In the event we seek or are required to use a new manufacturer to fabricate or to assemble and test all or a portion of our chipset products, we may not be able to bring new manufacturers on-line rapidly enough, which could damage our relationships with our customers, decrease our sales and limit our growth.
We use a single wafer foundry to manufacture a substantial majority of our products and to a lesser extent two other foundries including NXP. We only recently began working with NXP as a result of our acquisition of certain assets of the DTV business from Trident Microsystems. We use a single source to assemble and test substantially all of our products. This exposes us to a substantial risk of delay, increased costs and customer dissatisfaction in the event our third-party manufacturers are unable to provide us with our chipset requirements. Particularly during times when semiconductor capacity is limited, we may seek to, and in the event that our current foundry were to stop producing wafers for us altogether, we would be required to, qualify one or more additional wafer foundries to meet our requirements, which would be time consuming and costly. In order to bring any new foundries on-line, our customers and we would need to qualify their facilities, which process could take as long as several months. Once qualified, each new foundry would then require an additional number of months to actually begin producing chipsets to meet our needs, by which time our perceived need for additional capacity may have passed, or the opportunities we previously identified may have been lost to our competitors. Similarly, qualifying a new provider of assembly, packaging and testing services would be a lengthy and costly process and, in both cases, they could prove to be less reliable than our existing manufacturers, which could result in increased costs and expenses as well as delays in deliveries of our products to our customers.
Our ability to develop, market and sell products could be harmed if we are unable to retain or hire key personnel.
Our future success depends upon our ability to recruit and retain the services of key executive, engineering, finance and accounting, sales, marketing and support personnel. Our Chief Executive Officer has served in that role for us for over thirty years and the loss of his services could have a negative impact on our operations. The supply of highly qualified individuals, in particular engineers in very specialized technical areas, or sales people specializing in the semiconductor industry, is limited and competition for such individuals is intense. As part of our restructuring efforts in fiscal 2013, we terminated a significant number of employees and also imposed work furloughs.

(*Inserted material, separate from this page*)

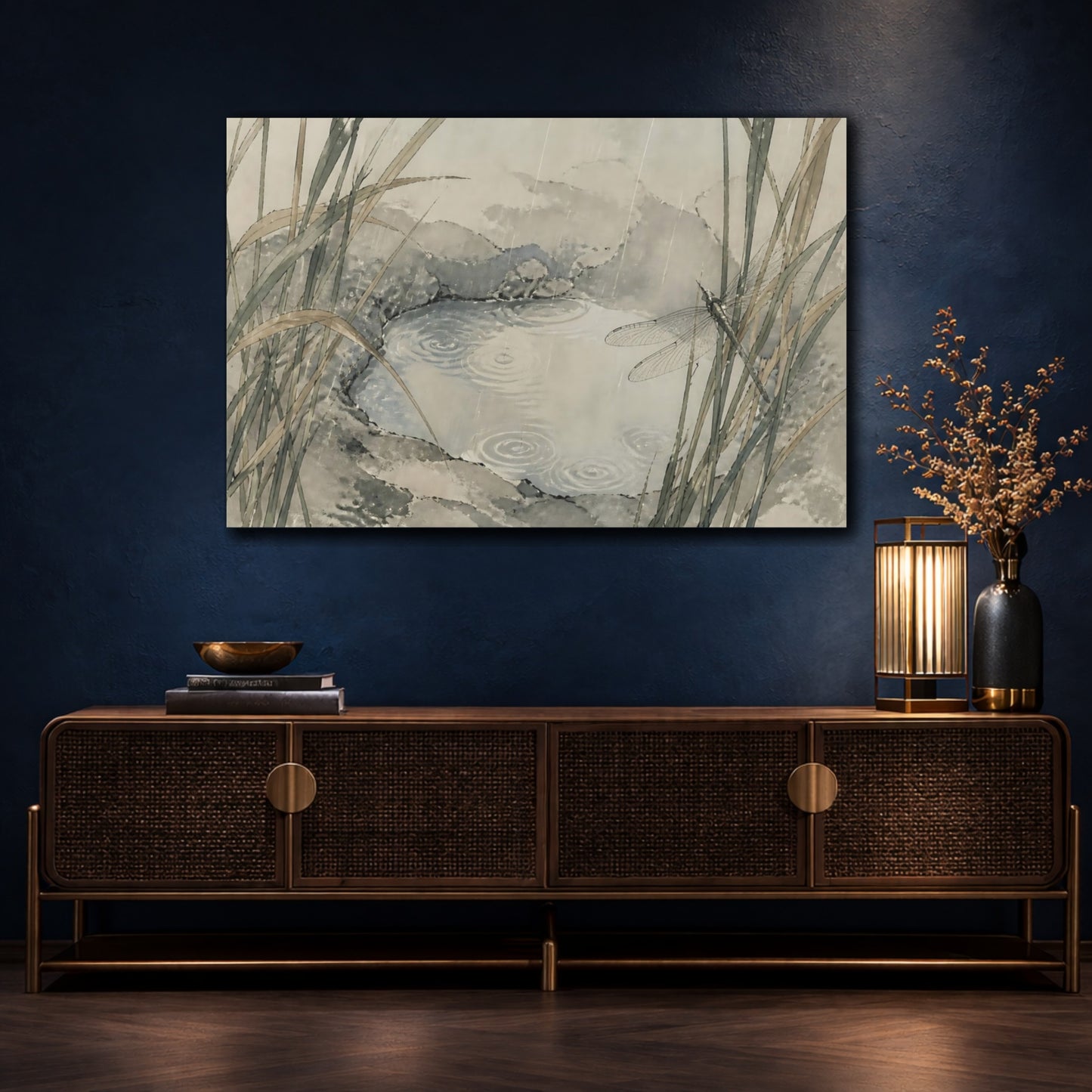 Mockup 4. Dragonfly At Stone Pool shown as canvas print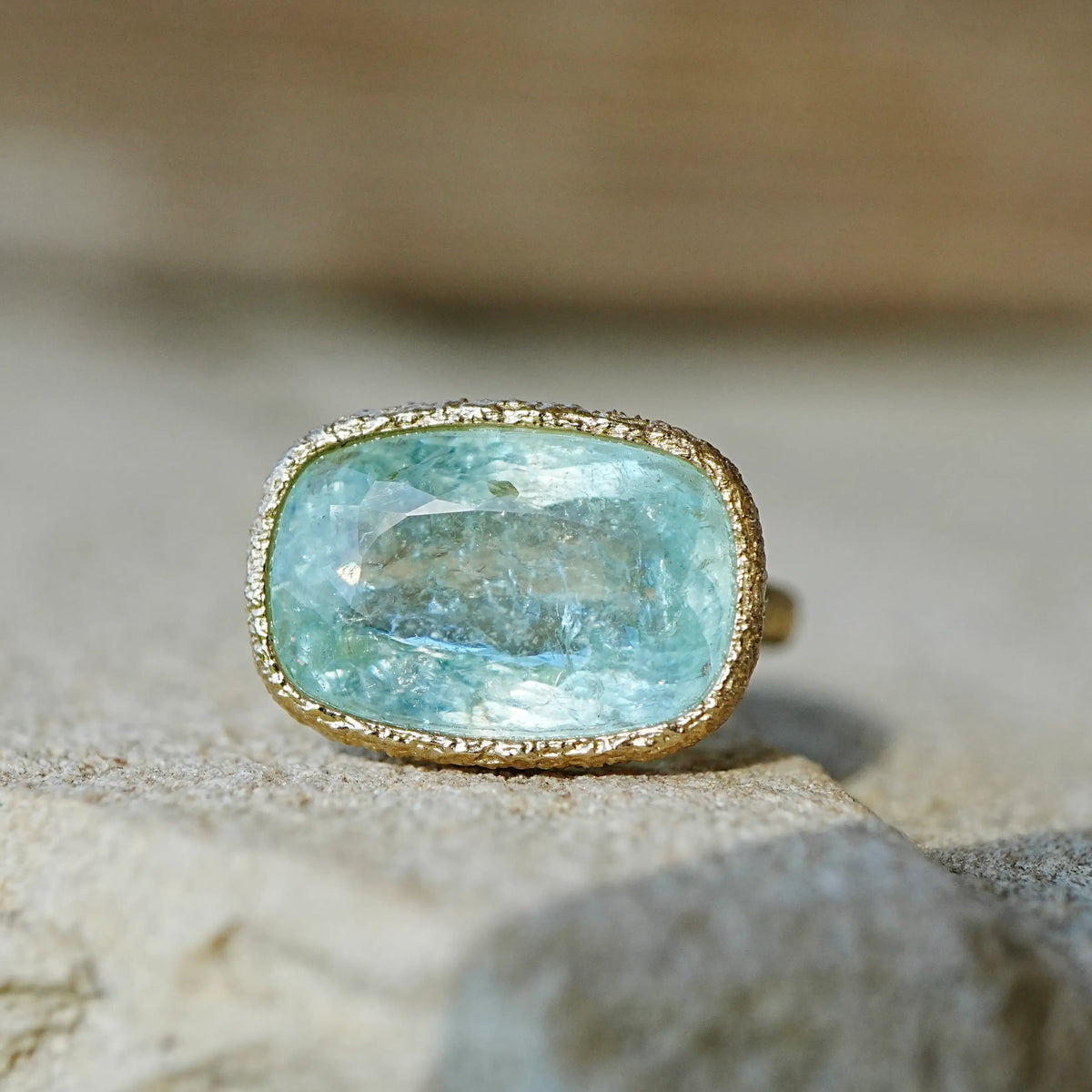 14k yellow gold Aria Arch AIGS Certified 9.47ct Natural Paraiba Tourmaline East-West Ring (One-of-a-Kind)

Our remaining employees, many of whom are highly qualified engineers, may be discomforted by these actions and seek alternative employment opportunities. None of our officers or key employees is bound by an employment agreement for any specific term. For example, we recently announced the resignation of our Chief Financial Officer. The loss of the services of any of our key employees, the inability to attract or retain key personnel in the future or delays in hiring required personnel, particularly engineers and sales people, and the complexity and time involved in hiring and training new employees, could delay the development and introduction of new products, and negatively impact our ability to market, sell or support our products.
Litigation due to stock price volatility or other factors could cause us to incur substantial costs and divert our attention and resources.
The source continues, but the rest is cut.